If --compression is provided then files written to HDFS will use the compression codec named CODEC. If this codec cannot be found, mothra-filesanitizer will exit with an error. Values typically supported by Hadoop include bzip2, gzip, lz4, lzo, lzop, snappy, and default. If none or the empty string is given or if this option is not specified, no compression will be used.

--help

Print the available options and exit.

--max-threads=N

When --max-threads is specified, it determines the maximum number of threads which will be used to sanitize and join files simultaneously.
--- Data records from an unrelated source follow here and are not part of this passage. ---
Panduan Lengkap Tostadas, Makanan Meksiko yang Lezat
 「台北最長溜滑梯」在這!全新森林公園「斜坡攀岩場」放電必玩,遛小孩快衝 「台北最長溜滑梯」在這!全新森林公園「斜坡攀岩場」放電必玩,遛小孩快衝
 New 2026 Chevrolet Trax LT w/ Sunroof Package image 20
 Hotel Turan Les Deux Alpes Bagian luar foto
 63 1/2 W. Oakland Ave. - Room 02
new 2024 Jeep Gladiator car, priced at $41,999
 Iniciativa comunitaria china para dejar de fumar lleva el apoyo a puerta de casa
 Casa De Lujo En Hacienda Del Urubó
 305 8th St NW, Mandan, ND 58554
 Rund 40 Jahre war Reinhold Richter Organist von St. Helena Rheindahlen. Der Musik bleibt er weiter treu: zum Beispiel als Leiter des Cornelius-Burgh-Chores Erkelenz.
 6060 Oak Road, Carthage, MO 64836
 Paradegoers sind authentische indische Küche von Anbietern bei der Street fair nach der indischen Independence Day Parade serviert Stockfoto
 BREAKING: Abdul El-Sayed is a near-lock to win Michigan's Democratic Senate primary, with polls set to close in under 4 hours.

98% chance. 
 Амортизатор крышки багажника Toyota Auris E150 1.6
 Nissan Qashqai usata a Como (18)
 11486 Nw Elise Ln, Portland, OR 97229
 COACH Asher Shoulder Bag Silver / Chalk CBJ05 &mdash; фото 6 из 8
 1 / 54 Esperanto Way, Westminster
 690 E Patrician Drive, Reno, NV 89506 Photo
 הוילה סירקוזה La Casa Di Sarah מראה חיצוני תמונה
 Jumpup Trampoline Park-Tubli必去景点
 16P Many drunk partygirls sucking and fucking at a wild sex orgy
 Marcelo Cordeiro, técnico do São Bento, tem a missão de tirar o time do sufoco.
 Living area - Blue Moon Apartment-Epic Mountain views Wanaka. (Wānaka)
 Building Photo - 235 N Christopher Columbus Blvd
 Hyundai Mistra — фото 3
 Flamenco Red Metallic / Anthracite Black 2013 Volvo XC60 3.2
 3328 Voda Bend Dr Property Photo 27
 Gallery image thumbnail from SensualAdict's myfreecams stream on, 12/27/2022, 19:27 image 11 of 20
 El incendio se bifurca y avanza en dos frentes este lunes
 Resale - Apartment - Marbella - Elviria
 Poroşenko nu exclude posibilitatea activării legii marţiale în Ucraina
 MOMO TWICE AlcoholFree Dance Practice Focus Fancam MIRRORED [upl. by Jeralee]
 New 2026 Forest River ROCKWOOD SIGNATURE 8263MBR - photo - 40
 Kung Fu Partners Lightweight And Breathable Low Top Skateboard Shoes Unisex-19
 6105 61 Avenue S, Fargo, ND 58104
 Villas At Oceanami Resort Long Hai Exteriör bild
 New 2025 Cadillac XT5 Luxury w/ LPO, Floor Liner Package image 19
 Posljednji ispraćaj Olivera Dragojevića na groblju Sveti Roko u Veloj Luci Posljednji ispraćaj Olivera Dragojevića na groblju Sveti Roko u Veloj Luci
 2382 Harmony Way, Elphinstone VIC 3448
One thread is always used to recursively scan the target directories. This value determines the number of threads started as described in the --spawn-thread option.

--maximum-size=N

If --maximum-size is provided, it determines the maximum size in bytes that a file may have before it is closed. After at least this many compressed bytes have been written the output file will be closed and a new output file created. Files will be slightly larger than N bytes, since files are not closed until they exceed this size.

--remove-ie=NAME

The required option --remove-ie, which may be specified multiple times but must be specified at least once, determines which IPFIX Information Elements should be removed from files in the target Mothra spool directories. For example, specifying --remove-ie ingressInterface would remove Information Element 10 (as IANA specifies uses this name) from all templates and records in the affected files. Also specifying --remove-ie=egressInterface would also remove Information Element 14. Other related Information Elements, such as 368 and 369 (ingressInterfaceType and egressInterfaceType) will not be changed.

The specified IEs will, however, be removed from all possible locations in the target files. This includes from all templates (including those used in subTemplateList- and subTemplateMultiList-typed elements), and it also includes basicList-typed elements which contain the excluded Information Elements.

--spawn-thread=MODE

Specifying the --spawn-threads option determines how mothra-filesanitizer allocates work to individual threads. If MODE is by-directory, then a single thread is used to process all of the files in each directory which contains files to process. If MODE is by-prefix, then within each directory one thread is used for all of the files sharing a common YYYYMMDD.HH. or YYYYMMDD.HHPTNNH. prefix. The number of threads which run simultaneously is determined by --max-threads. If --spawn-threads is not specified, the default value of by-directory is used.

--version

Print the version number and information about how Mothra was configured, then exit.